I love how new school years give all of us a fresh start. Even when I get behavior reports or academic scores for a kid, if I haven't met them they still get to make a first impression. But it goes the other way too. I get a fresh start with the students I haven't taught before. I get to find better ways to relate to them, better strategies for teaching them, better ideas for supporting them. 

So first day of school, thank you. Thanks for reminding me of why I do this and what I love about it. But also, you are a bit exhausting, so thank for being over too. 


Saturday, August 2, 2014

Make new friends, but keep the old

Coming back this year means not only readjusting to life in Thailand and being back at work, but also life without some key individuals. Those friendships, though certainly not over, do move to a new phase and I do have to keep moving here with building on other friendships and making new ones. Without any family around, friends play a much bigger role and many of them even become like family. All the coming and going is part of life abroad, but it's not a part that I have to like. 

And so I walk into this new school year with open arms, ready to push and stretch and try new things. This morning I ran to the park/market with a group of women from our community who run there on Saturday mornings.
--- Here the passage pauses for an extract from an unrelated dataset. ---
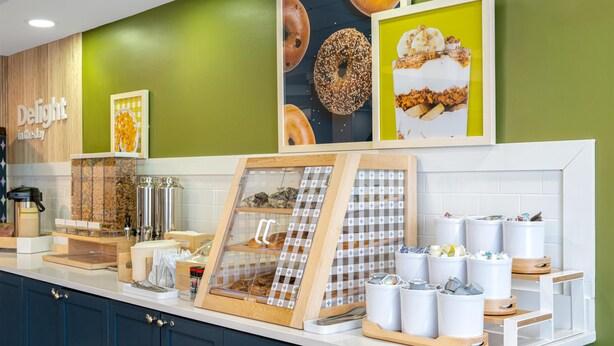A breakfast bar with a coffee machine, a fruit display, and a framed picture of donuts. - Spark by Hilton Murfreesboro (Murfreesboro)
It's a group I've been aware of since I arrived, but the first time I've stepped out and joined them. I knew all of the ladies there today, but they are not people I see often or really know well and it was a stretch for me to be willing to run with other people (I don't go real fast). So I am proud of that. And I'm excited for things I have in the next few weeks that will help me step out a bit more and make connections with people. But I am also a bit heavy hearted and you know, that's okay. It's okay to miss my friends and colleagues, to step back from time to time and say yeah, this sucks. For the most part, this week has been too busy to dwell in it too much, but it has still been strange and hard to not have them around. I am very thankful for those who are still here, especially my closest friends who are missing the same people I am. In such a transient community, I am grateful for every bit of continuity I can hold onto. 

I also walk into this school year with an ever growing list of people to keep up with long distance. While free texting apps certainly make that easier, there's still a limit to how much time you have for friends and family who are far away. So we juggle it as best we can and treasure the times we do get to talk or Skype or visit. I am so blessed to have friends spread across the globe and thankful for the efforts they make to maintain our friendship over the miles and years.